[Provided information Boundary: Start]

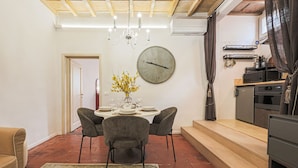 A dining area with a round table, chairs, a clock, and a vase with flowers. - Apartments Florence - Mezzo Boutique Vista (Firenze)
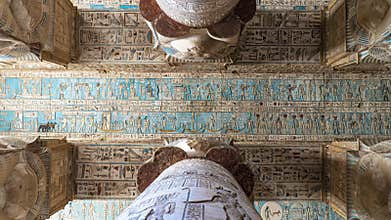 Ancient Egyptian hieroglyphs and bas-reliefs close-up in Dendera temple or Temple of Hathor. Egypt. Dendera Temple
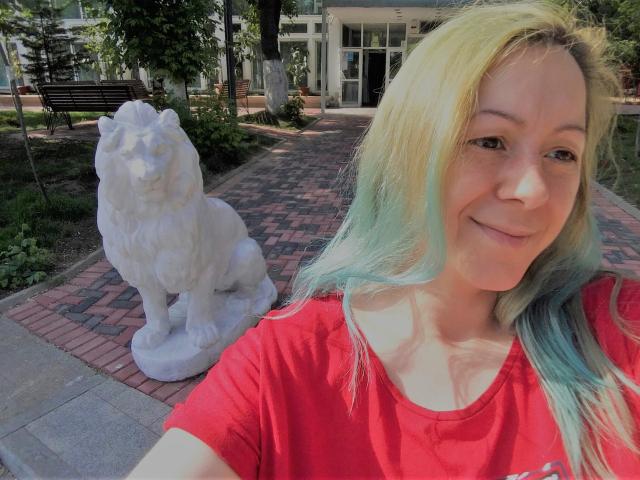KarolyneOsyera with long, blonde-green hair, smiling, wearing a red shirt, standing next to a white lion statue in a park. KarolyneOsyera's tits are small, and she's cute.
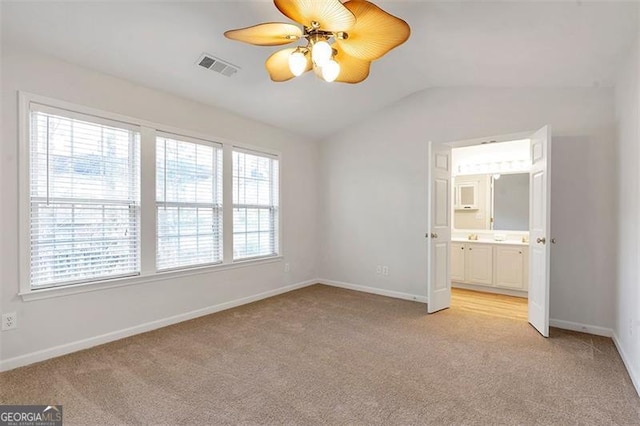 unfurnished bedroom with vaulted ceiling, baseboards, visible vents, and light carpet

[Provided information Boundary: End]
[Provided information Boundary: Start]

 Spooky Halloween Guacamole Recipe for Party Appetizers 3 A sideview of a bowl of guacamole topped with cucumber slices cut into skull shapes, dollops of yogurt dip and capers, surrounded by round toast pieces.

[Provided information Boundary: End]

:: Aim of the exercise ::
Within the entries above, the lines from the one containing "A dining area" through the one containing "Ancient Egyptian hieroglyphs" are to be transcribed exactly, ends included, pictures excluded.

:: Response to this task ::
 A dining area with a round table, chairs, a clock, and a vase with flowers. - Apartments Florence - Mezzo Boutique Vista (Firenze)
 Ancient Egyptian hieroglyphs and bas-reliefs close-up in Dendera temple or Temple of Hathor. Egypt. Dendera Temple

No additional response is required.